Develop Agent Skills Like Software
Your rep just left a customer meeting. A voice agent intercepts them. Four minutes later, the deal intelligence is captured — or it isn't. That depends entirely on the skill driving the debrief.
The technology behind a post-visit voice debrief is not the hard (est) part. A voice agent that calls your rep after they leave a customer meeting, conducts a structured conversation, and pushes the output into your CRM. What determines whether it actually works is the skill driving the debrief: the questions it asks, how it adapts when a rep gives a vague answer, when it probes deeper versus moves on, and whether it’s speaking in the language of your deal methodology rather than generic sales-speak.
A write-once skill produces a write-once debrief.
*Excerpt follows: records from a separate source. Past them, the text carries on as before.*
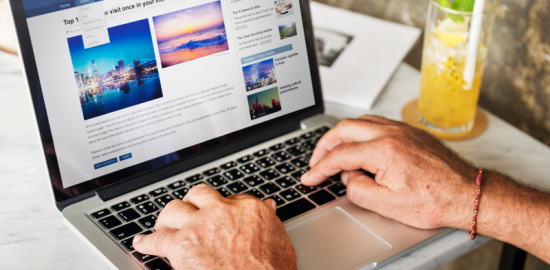 2025 internet trafiğinin liderleri: İşte zirvedeki siteler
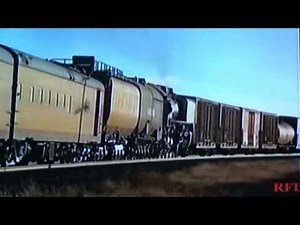 Steam locomotive phonk edit 2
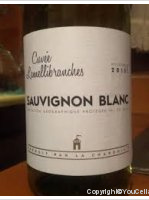 La Chardoisie - Cuvée Lamellibranches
Your rep says “it went pretty well” and the agent moves on. The signal is lost before the car park exit. A skill developed through iteration does something completely different: it follows the thread, asks the follow-up that unlocks the real answer, and surfaces the concern the rep didn’t even know they should name.
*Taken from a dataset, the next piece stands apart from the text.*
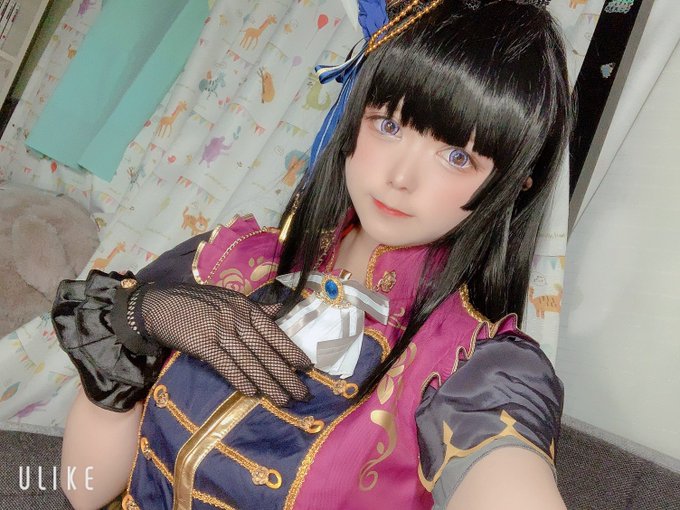 コスプレイヤーもがみひなたのTwitter画像39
In The Skills Trap, I laid out the Skill Fidelity Spectrum — Zone 1 tasks where borrowing a generic skill is rational, Zone 2 workflows where the fit starts to matter, and Zone 3 strategic work where a borrowed skill is a liability. A post-visit debrief for anything beyond a cold intro call is firmly Zone 2 or Zone 3 territory. The methodology can’t be borrowed. Neither can the instinct for when to push.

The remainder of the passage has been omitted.